Re: internet media types and encoding from Tim Bray on 2003-04-11 (www-tag@w3.org from April 2003)

From: Tim Bray <tbray@textuality.com>
Date: Fri, 11 Apr 2003 10:55:14 -0700
To: Chris Lilley <chris@w3.org>
Cc: Paul Grosso <pgrosso@arbortext.com>, www-tag@w3.org
Message-ID: <3E970182.8010805@textuality.com>

Chris Lilley wrote:
> Unlike Rick I am not making this argument on the basis of the ease of
> detecting encoding labelling or conversion errors; rather, on the
> basis of those non-printing characters having no basis being in a
> marked up document. I mean, start of string? end of guarded area?

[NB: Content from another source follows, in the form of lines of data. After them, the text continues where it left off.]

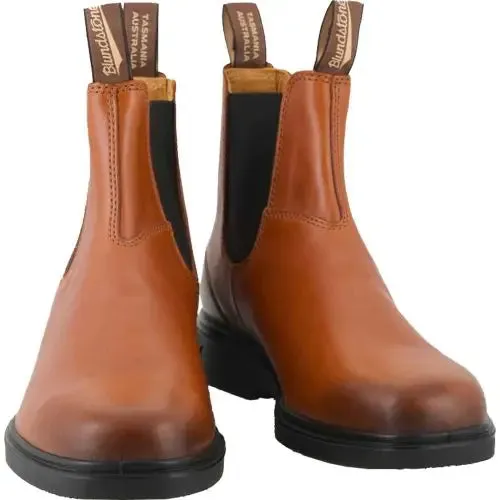Blundstone Dress #2244 Cognac Boots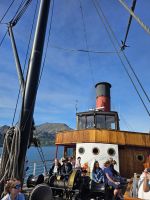 &copy; Mariele Legler (Eberhardt TRAVEL)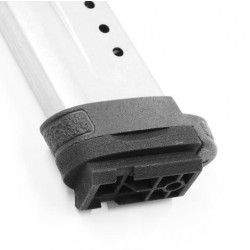 Mantis Smith & Wesson M&P Shield 9mm - Magazine Floor Plate Rail Adapter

I profoundly agree with Chris here, but I had thought this issue to have 
been long-since decided.  My vision of XML is that element content is 
text, and text is a string of characters, and characters have the 
semantics that Unicode says they have.  Most of the C0 and C1 control 
characters have no useful or agreed-upon semantics, and they have no 
place in XML under any circumstances.  Their inclusion substantially 
decreases interoperability.  Do enough of the TAG agree that we should 
take this up officially?  -Tim

Received on Friday, 11 April 2003 13:55:17 UTC